*** WORKING DATA ***

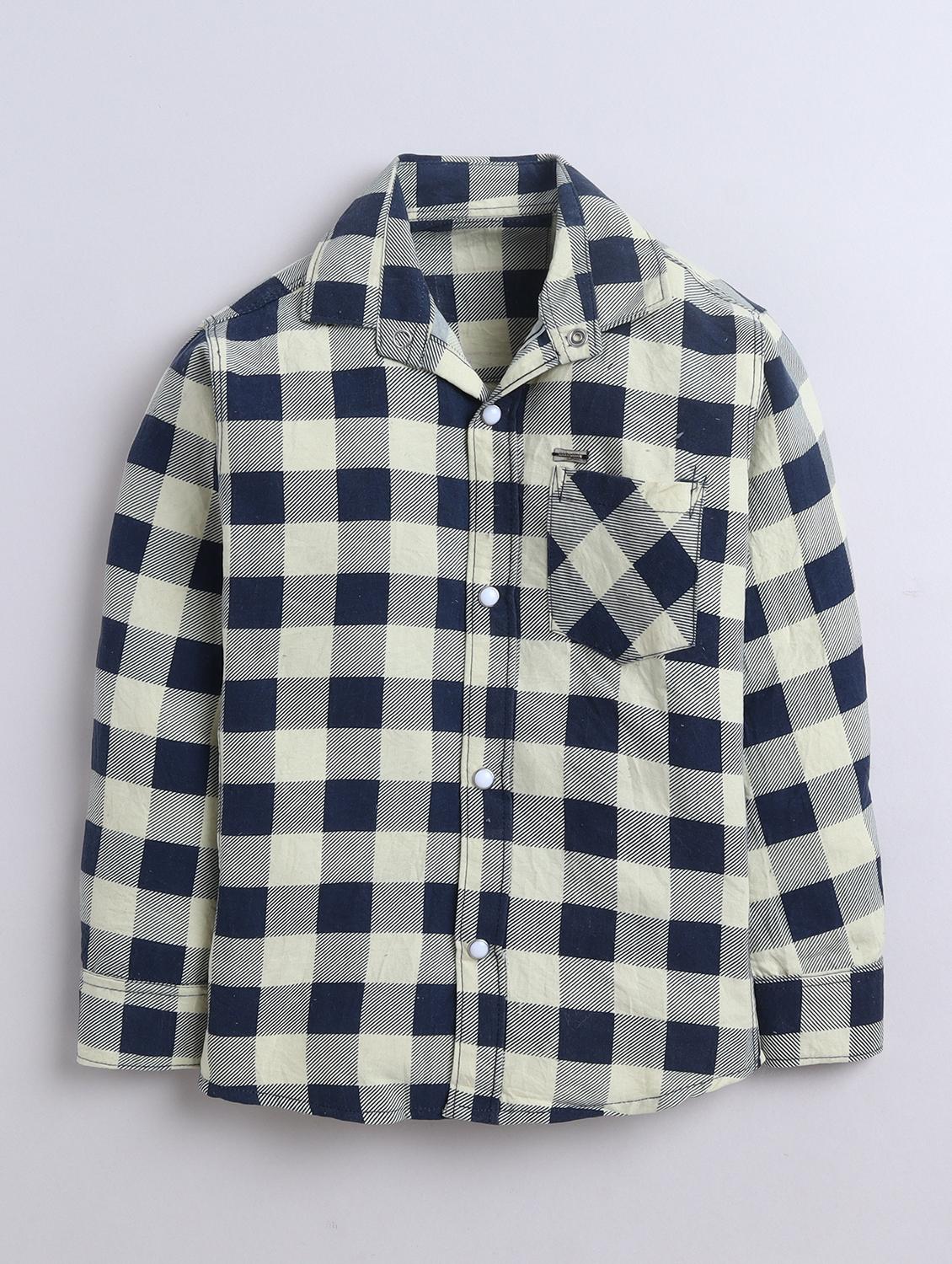 boys checkered collared long sleeve shirt - 22027050 - Standard Image - 1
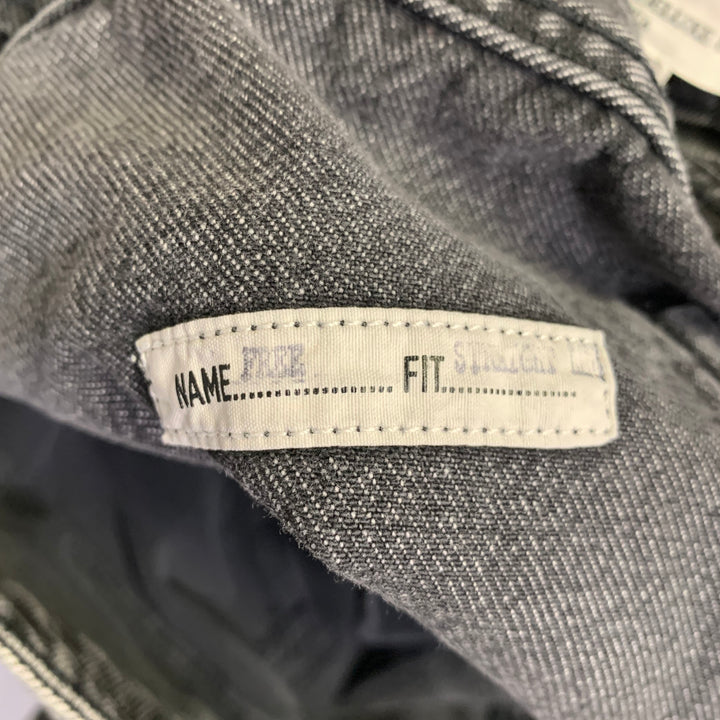 GOLDEN GOOSE Size M Grey Cotton Tapered Distressed Jeans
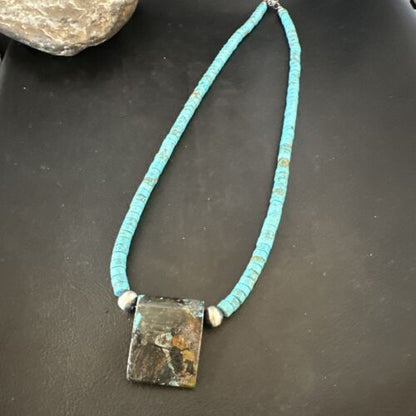 Navajo Spiderweb Turquoise Heishi Pearls Necklace | Sterling Silver | 20" | Authentic Native American Handmade | 16864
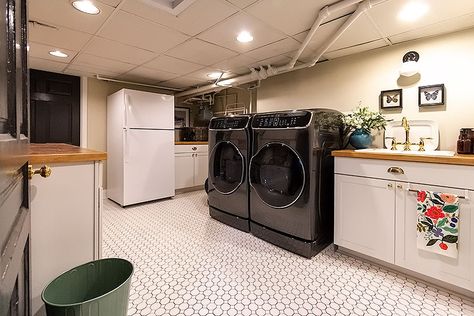 Our Basement Laundry Room Makeover - Making it Lovely Basement Paint Colors To Brighten, Basement Fridge, Stylish Basement, Ottawa House, Unfinished Basement Laundry, Basement Transformation, Basement Laundry Room Ideas, Basement Laundry Room Makeover, Stone Foundation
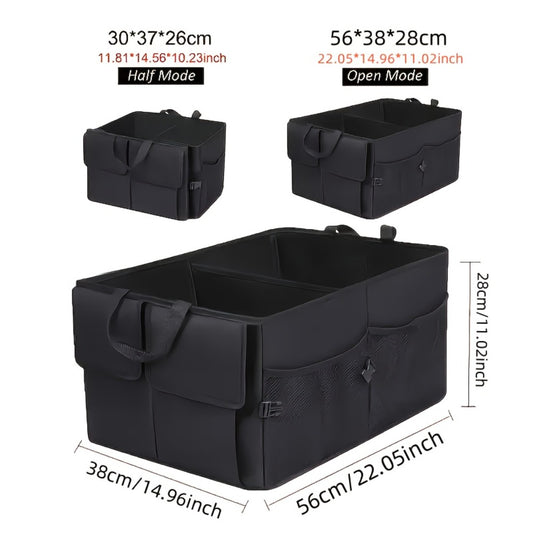 Foldable Car Trunk Organizer - Large Capacity Multi-Compartment Storage Box for Cars, Trucks & SUVs, Ultra-Durable Collapsible Cargo Storage, Black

*** End of WORKING DATA ***

## WHAT YOU HAVE TO DO:
Your answer must be exactly the lines from the one with "Our Basement Laundry" through the final line of the data, with no pictures in it.

## RESPONSE TO THE EXERCISE:
 Our Basement Laundry Room Makeover - Making it Lovely Basement Paint Colors To Brighten, Basement Fridge, Stylish Basement, Ottawa House, Unfinished Basement Laundry, Basement Transformation, Basement Laundry Room Ideas, Basement Laundry Room Makeover, Stone Foundation
 Foldable Car Trunk Organizer - Large Capacity Multi-Compartment Storage Box for Cars, Trucks & SUVs, Ultra-Durable Collapsible Cargo Storage, Black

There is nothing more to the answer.